I love that people support my comics, and my patrons have helped me to power through past struggles. But Patreon also makes me feel like I’m not doing enough for those that support my work.
This is not based on demands made by my Patrons, because they have been one of the most supportive groups in my life. But my own feelings are that in order to do Patreon right, I need to put time into building a community and providing continuous value just for my supporters.
It creates a pressure. And I always feel like I’m failing my patrons. And as much as I don’t want to, I feel like I need to let the service go. So from now on, if you would like to support me and my comics, consider joining my information design academy (or share my academy with your friends and colleagues).
And if you are currently, or have been in the past, one of my patrons. Thank you for all the support, it has meant so much.
Barriers to my Information Design Academy.
I’ve been trying to follow a specific model for my information design academy. It involves opening quarterly with cohorts and using an application for enrollment.
But as much as I see the potential value in these approaches, they also don’t work for me. Mostly because they add barriers. They also add extra administrative work.
Every person who has taken the time to apply for my information design academy has been awesome, each in their own way. I want every one of them to join the academy if they want, when they want.
I’m also impatient. I want them to be able to join now if they’d like, or whenever they need it. I also know that I can help onboard anyone as we go, and the group is very likely to remain small enough to keep that personal touch.
And if it does start to get larger (which I would like) I have the space to schedule more live sessions to keep up the conversations and personal support.

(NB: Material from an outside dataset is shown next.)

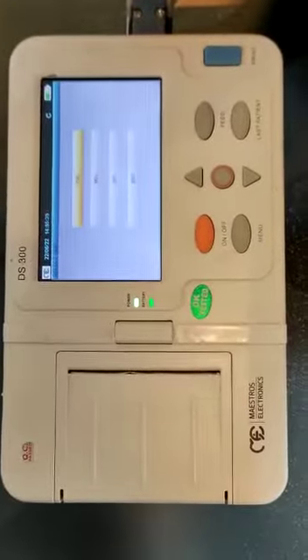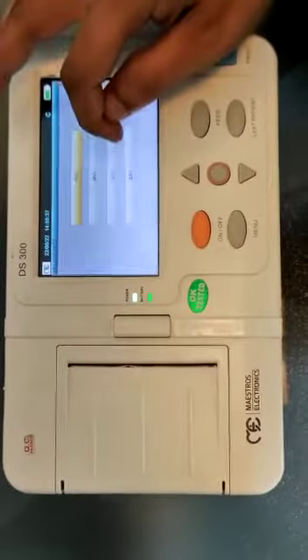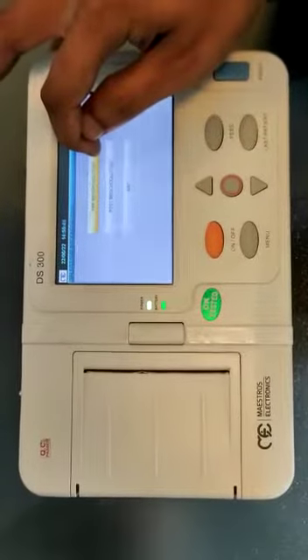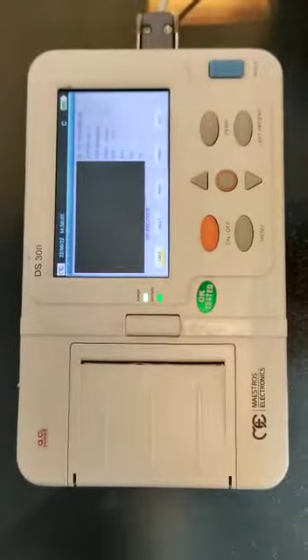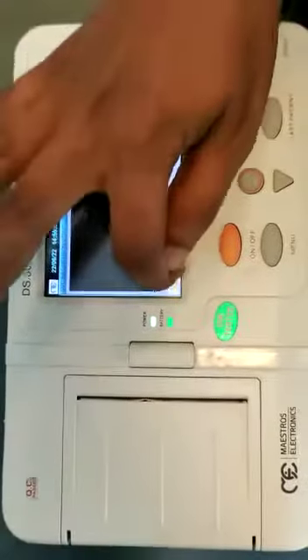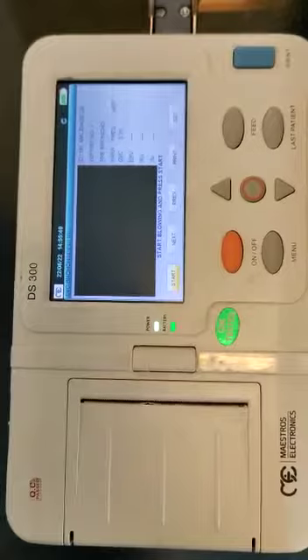Now let us perform the third test, which is SVC. Pre and post — select pre. The screen is as shown. Click on take and then start.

So, I’m taking down the barriers.
The academy is going to be cheaper again. $599 each year or $179 each quarter. There is a discount and a scholarship if you need to pay less. I put the coupon codes on the actual registration page so they are impossible to miss.
You can join anytime. And if you join and don’t think it’s actually right for you, tell me and I’ll give you your money back. You can learn more about the academy here.
The feeling that I need more clients.
My big CDC contract goes through the fall. And I’ll admit that I am a bit anxious as to what will happen when the cooperative agreement expires. I should know sometime in the spring what the future may hold.
But for the moment, I’m fine. I could add zero more clients between now and September and continue to be financially stable.
I’m tired of letting my fear of an uncertain future rule my present. So I’m going to try to let it go.
Now for you.
Writing this post made me feel nervous. It was a whole lot of personal oversharing and will likely lead to a bunch of unsubscribes.
But I know from years of occasional oversharing that this kind of post is valuable. Because you might also be at risk of burnout. And sometimes it’s good to know that you’re not alone.
While I appreciate your support, there are many others out there who need it more than I do. I’ll be okay. While I’m flirting with burnout, I think I can keep it at bay.
But if you’re flirting with burnout, I hope this post helps you in some small way. Pay attention to the signs and don’t be afraid to ask for help.